Nilesh Parmar

Personal information
- Full name: Nileshkumar Narottambhai Parmar
- Born: 27 December 1970 (age 55) Gujarat, India
- Batting: Right-handed
- Role: Middle-order batsman

International information
- National side: Oman (2007–2013);
- Source: CricketArchive, 6 April 2016

= Nilesh Parmar =

Indian cricketer (born 1970)

Nileshkumar Narottambhai "Nilesh" Parmar (નિલેશ પરમાર; born 27 December 1970) is a former Indian-born cricketer who played for the Oman national cricket team between 2007 and 2013. He played as a right-handed middle-order batsman.

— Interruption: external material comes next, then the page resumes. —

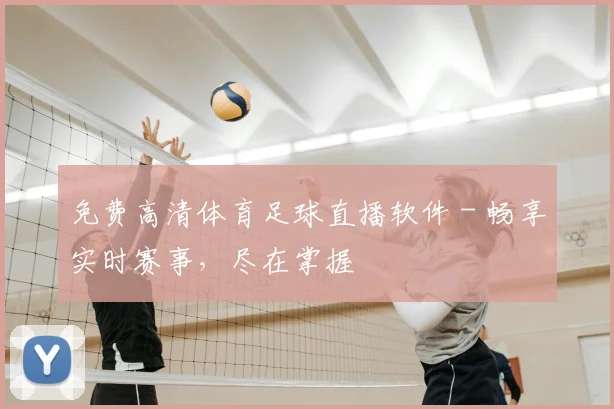 免费高清体育足球直播软件 - 畅享实时赛事，尽在掌握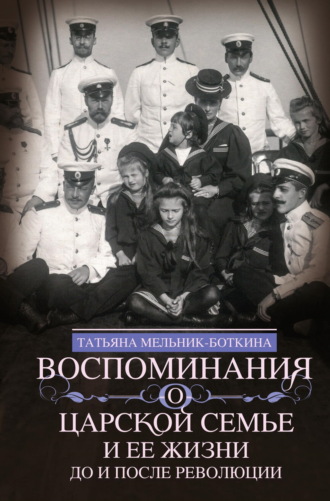 Татьяна Мельник-Боткина. Воспоминания о царской семье и ее жизни до и после революции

Parmar was born in the Indian state of Gujarat, and played at under-19 level for the Gujarat and Saurashtra cricket teams. After emigrating to Oman, he made his international debut at the 2007 ACC Twenty20 Cup in Kuwait, aged 36. He featured in three of his side's matches, and in the final against Afghanistan made 66 from 56 balls, for which he was named man of the match. Later in the year, Parmar represented Oman in the 2007 World Cricket League Division Two tournament, played in Namibia. He played in four matches, all of which held List A status, but had little success, scoring only 40 runs. At the 2009 World Cup Qualifier, Parmar topped Oman's batting averages, making 118 runs from four matches (including 41 against Ireland, 38 not out against Canada, and 37 against Scotland). After that event, he did not return to the national team until the 2013 WCL Division Three tournament, by which time he was aged 42. He played only a single match, against Nepal. After retiring from playing, Parmar took up coaching. He has served at various stages as assistant coach of Oman Cricket's national academy and head coach of the Omani national women's team.